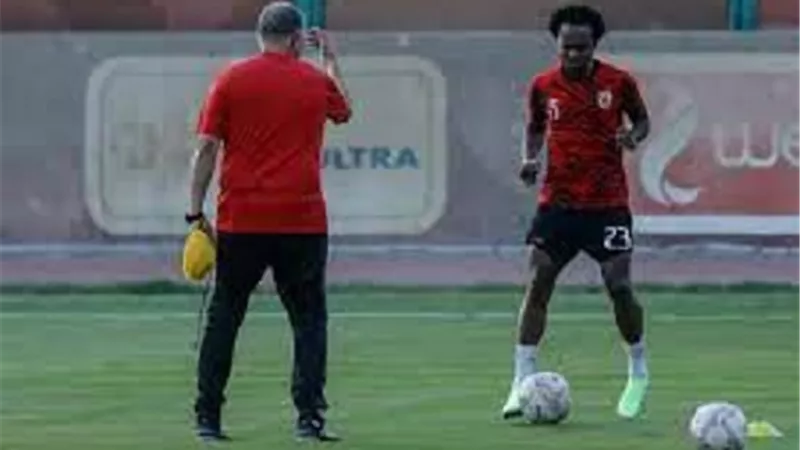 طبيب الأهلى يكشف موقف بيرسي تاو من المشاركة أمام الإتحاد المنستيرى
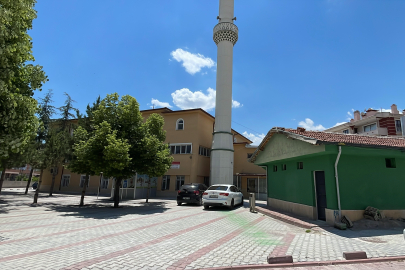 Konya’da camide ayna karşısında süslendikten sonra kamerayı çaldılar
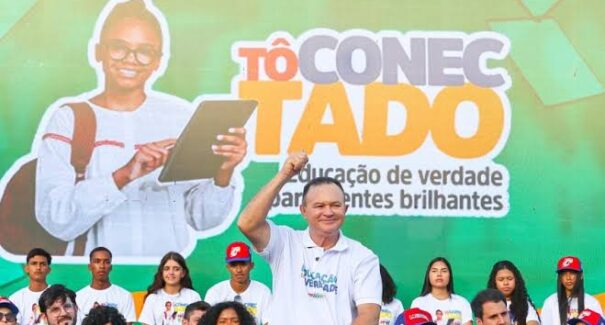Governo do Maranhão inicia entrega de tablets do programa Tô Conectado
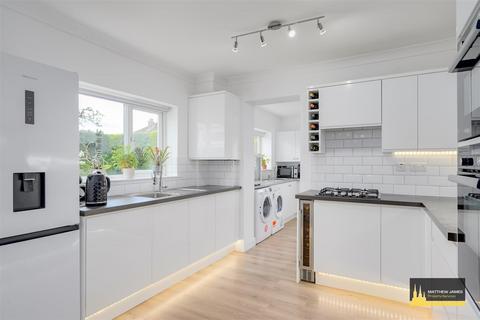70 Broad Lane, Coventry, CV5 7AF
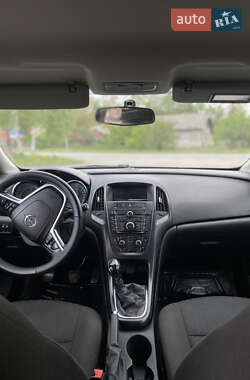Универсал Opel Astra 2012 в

^^^^^^^^^^^^^^^^

§ **Work to be completed**
Can you repeat every record above exactly, apart from the pictures?

§ **Result for this exercise**
 طبيب الأهلى يكشف موقف بيرسي تاو من المشاركة أمام الإتحاد المنستيرى
 Konya’da camide ayna karşısında süslendikten sonra kamerayı çaldılar
Governo do Maranhão inicia entrega de tablets do programa Tô Conectado
70 Broad Lane, Coventry, CV5 7AF
Универсал Opel Astra 2012 в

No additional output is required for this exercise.